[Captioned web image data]

+++

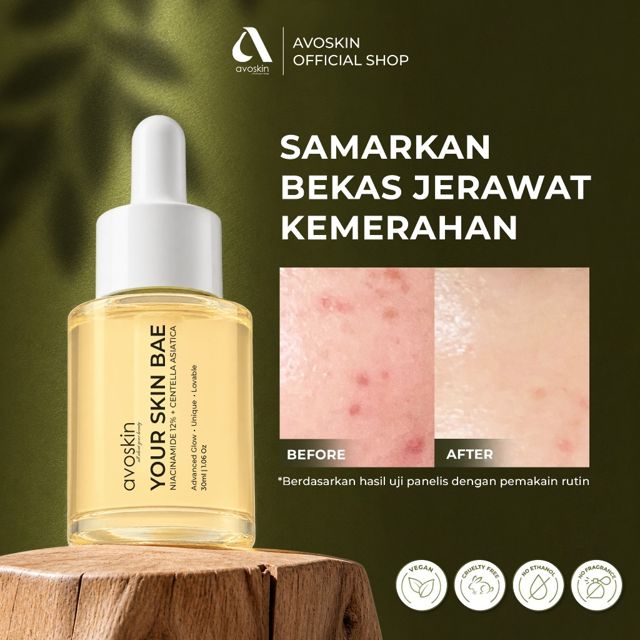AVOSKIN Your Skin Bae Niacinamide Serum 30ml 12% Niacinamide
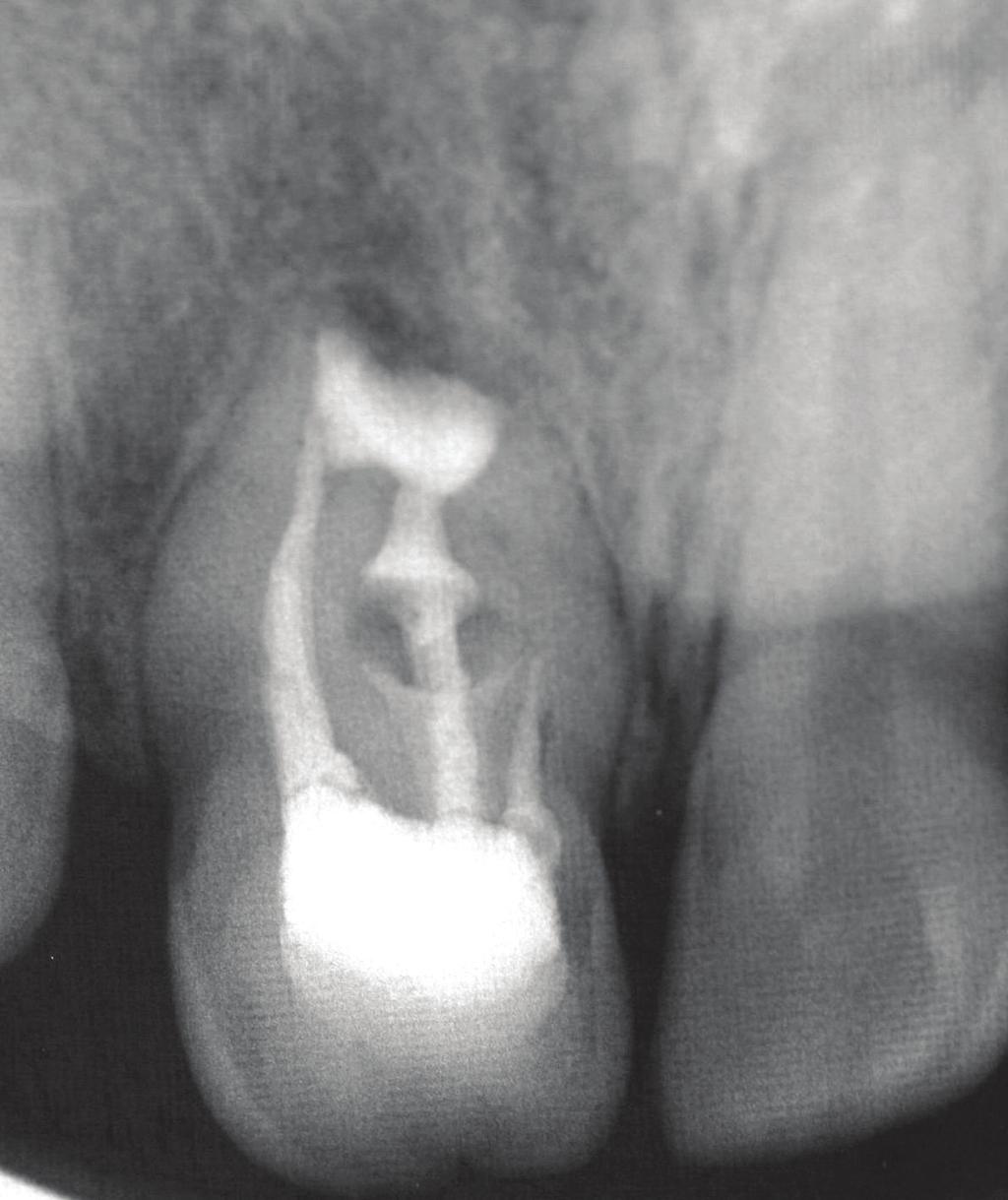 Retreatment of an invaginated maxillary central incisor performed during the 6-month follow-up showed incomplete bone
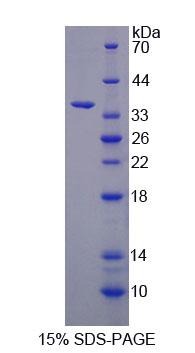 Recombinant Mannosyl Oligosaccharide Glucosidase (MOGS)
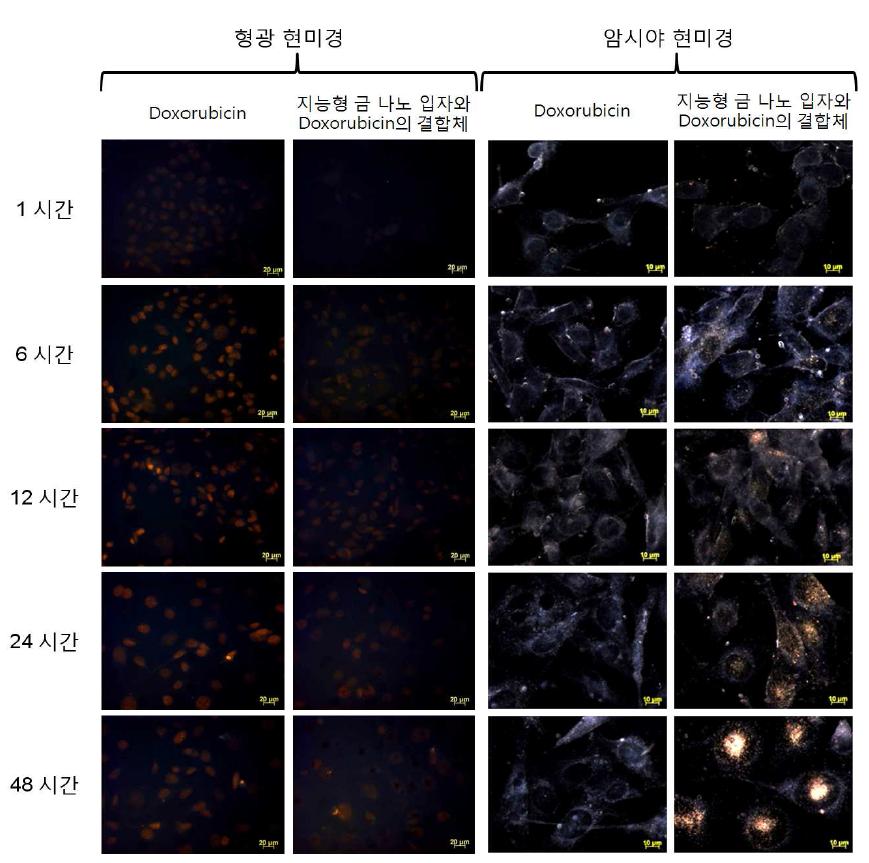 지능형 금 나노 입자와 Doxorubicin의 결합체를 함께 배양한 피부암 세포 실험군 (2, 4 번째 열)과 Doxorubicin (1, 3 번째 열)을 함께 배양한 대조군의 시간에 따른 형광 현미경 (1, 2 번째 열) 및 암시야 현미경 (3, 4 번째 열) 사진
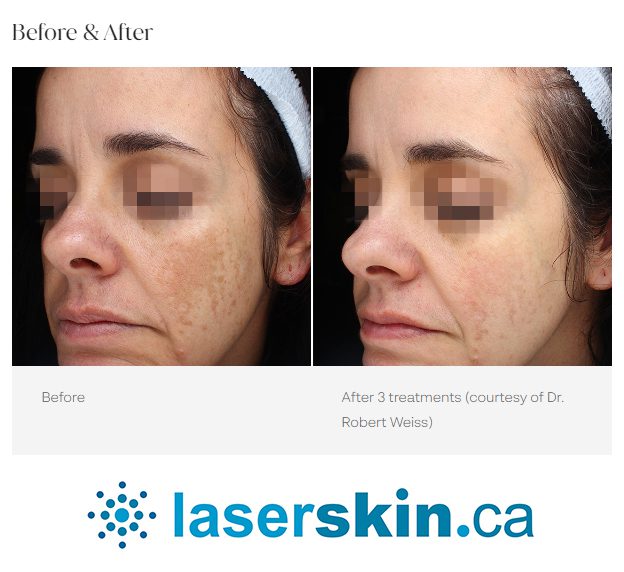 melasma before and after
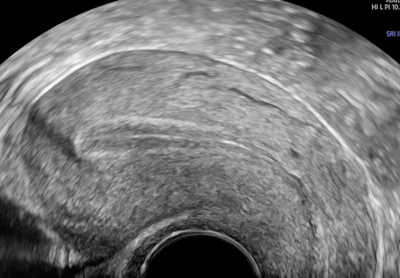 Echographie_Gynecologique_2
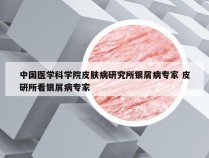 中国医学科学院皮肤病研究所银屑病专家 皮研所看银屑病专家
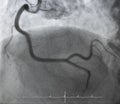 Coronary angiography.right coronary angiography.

+++

_BRIEF:_
Once you find the line that contains "Echographie_Gynecologique_2", reproduce it and every line after it through the end of the entries above, exactly as written, with no pictures.

_SOLUTION FOR THIS EXERCISE:_
 Echographie_Gynecologique_2
 中国医学科学院皮肤病研究所银屑病专家 皮研所看银屑病专家
 Coronary angiography.right coronary angiography.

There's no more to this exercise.